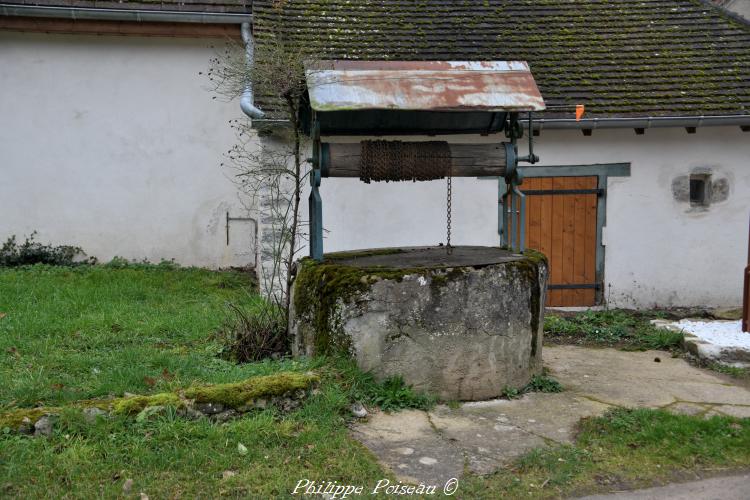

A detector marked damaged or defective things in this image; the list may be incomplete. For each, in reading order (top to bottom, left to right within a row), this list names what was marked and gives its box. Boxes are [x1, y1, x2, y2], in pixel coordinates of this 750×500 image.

rusty metal roof [306, 60, 548, 113]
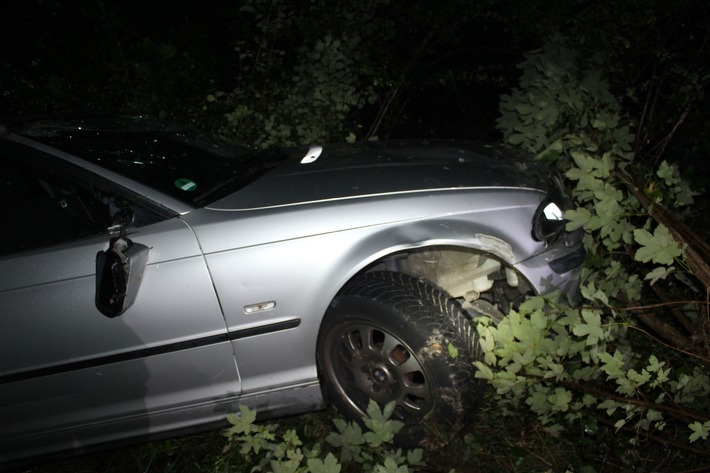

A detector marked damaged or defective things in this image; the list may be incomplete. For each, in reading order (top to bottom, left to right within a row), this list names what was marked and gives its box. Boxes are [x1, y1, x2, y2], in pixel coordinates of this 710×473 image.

exposed headlight [536, 198, 568, 240]
broken side mirror [96, 236, 150, 318]
crashed car [0, 116, 584, 466]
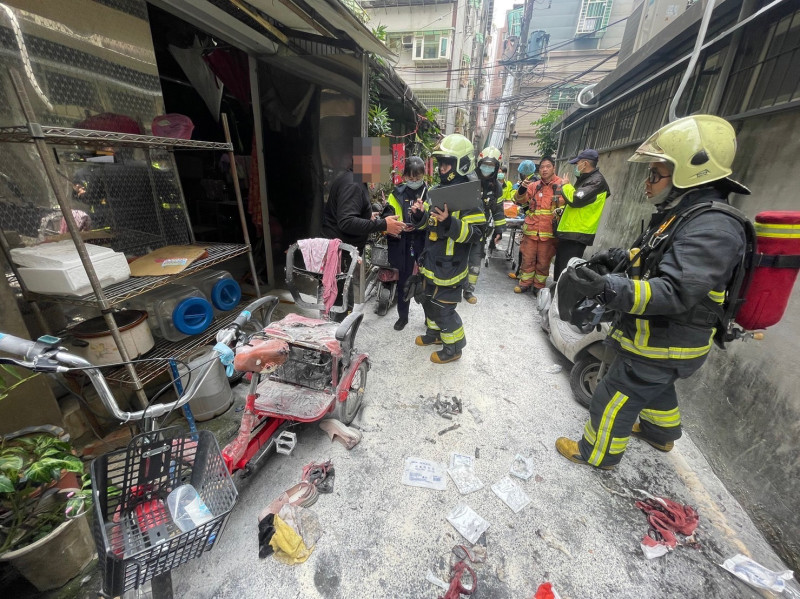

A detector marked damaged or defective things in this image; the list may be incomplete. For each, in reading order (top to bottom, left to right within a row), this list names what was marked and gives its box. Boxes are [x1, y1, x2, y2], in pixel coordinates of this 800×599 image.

burnt bicycle seat [234, 338, 290, 376]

----

**Brief:**
Pictures aside, reproduce all of the material above without alteration.

**Expected answer:**
A detector marked damaged or defective things in this image; the list may be incomplete. For each, in reading order (top to bottom, left to right within a row), this list names what was marked and gives its box. Boxes are [x1, y1, x2, y2], in pixel coordinates of this 750×500 image.

rusty metal roof [306, 60, 548, 113]

A detector marked damaged or defective things in this image; the list may be incomplete. For each, in reading order (top to bottom, left to right within a row), this list names what was marked and gives its box. Boxes are [x1, y1, x2, y2], in pixel coordinates of this 710×473 image.

exposed headlight [536, 198, 568, 240]
broken side mirror [96, 236, 150, 318]
crashed car [0, 116, 584, 466]

A detector marked damaged or defective things in this image; the list may be incomplete. For each, in reading order (top to bottom, left to right within a row), this list names what was marked and gives its box. Boxes are [x1, y1, x2, y2], in pixel coordinates of this 800×599 image.

burnt bicycle seat [234, 338, 290, 376]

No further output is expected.